* _PROBLEM_: Find every line in the records below that contains "https", and copy it.

Short descriptive text snippets
--- START ---
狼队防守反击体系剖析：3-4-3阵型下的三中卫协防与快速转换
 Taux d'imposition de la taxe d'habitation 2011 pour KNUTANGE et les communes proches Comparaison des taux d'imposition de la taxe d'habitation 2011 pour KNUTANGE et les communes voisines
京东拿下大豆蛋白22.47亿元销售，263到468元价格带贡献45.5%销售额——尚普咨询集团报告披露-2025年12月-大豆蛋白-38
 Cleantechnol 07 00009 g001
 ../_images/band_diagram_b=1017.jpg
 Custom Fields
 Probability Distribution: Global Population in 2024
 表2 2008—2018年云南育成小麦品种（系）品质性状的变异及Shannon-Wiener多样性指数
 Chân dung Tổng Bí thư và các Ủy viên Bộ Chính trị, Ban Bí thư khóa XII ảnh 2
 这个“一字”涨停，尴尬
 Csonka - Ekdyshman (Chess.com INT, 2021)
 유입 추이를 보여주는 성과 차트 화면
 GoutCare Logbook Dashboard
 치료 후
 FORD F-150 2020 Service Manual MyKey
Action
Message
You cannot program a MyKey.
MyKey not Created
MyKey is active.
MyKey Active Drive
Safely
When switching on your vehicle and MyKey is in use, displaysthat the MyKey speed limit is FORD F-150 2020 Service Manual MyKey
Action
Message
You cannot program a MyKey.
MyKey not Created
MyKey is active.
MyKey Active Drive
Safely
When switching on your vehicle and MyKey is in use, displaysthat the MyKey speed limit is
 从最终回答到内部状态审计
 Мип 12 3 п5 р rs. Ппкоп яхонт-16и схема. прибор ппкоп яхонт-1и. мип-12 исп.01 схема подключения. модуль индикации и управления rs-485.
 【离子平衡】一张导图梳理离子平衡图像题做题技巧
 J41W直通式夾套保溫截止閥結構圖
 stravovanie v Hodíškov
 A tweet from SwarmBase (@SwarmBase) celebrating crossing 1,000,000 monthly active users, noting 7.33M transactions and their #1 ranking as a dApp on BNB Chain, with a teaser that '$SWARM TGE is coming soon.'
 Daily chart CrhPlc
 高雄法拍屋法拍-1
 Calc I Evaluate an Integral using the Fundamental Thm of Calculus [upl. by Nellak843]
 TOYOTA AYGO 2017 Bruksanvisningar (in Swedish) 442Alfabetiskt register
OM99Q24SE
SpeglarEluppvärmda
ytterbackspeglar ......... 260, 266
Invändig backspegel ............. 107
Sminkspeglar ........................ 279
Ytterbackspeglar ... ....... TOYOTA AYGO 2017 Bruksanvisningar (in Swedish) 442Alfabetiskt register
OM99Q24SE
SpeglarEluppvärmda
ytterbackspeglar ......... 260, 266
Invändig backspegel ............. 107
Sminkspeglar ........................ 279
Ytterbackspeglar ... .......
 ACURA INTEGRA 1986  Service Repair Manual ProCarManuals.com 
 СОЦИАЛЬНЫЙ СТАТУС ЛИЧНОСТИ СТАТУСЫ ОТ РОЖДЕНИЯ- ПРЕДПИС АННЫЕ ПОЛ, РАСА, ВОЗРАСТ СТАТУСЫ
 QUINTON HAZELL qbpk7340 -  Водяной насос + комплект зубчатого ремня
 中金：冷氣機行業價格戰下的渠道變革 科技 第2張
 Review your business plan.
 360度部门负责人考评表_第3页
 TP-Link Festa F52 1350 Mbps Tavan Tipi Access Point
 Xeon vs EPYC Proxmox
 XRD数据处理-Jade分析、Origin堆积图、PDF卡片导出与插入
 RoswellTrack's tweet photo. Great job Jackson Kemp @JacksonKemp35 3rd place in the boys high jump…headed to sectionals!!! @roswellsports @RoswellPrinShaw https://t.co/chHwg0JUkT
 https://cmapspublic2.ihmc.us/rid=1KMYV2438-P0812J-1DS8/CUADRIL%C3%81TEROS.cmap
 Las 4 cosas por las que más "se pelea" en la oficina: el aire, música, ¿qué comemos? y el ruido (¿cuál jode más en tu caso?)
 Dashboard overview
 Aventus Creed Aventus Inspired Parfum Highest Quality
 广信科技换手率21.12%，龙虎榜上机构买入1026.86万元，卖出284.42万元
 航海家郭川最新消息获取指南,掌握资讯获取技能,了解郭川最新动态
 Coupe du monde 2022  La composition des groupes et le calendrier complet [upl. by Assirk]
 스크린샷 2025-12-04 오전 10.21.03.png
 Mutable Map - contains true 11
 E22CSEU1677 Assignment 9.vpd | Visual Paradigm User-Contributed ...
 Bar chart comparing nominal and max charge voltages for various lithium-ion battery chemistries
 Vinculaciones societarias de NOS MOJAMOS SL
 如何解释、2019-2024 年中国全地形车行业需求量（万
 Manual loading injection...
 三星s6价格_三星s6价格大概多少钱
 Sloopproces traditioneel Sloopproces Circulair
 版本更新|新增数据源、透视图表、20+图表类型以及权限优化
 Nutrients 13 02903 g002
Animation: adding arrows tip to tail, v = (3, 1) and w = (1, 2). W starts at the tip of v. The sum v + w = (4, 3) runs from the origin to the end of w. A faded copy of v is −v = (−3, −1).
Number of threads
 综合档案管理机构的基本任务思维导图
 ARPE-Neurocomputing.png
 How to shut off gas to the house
--- END ---
* _RESPONSE AREA_:
 RoswellTrack's tweet photo. Great job Jackson Kemp @JacksonKemp35 3rd place in the boys high jump…headed to sectionals!!! @roswellsports @RoswellPrinShaw https://t.co/chHwg0JUkT
 https://cmapspublic2.ihmc.us/rid=1KMYV2438-P0812J-1DS8/CUADRIL%C3%81TEROS.cmap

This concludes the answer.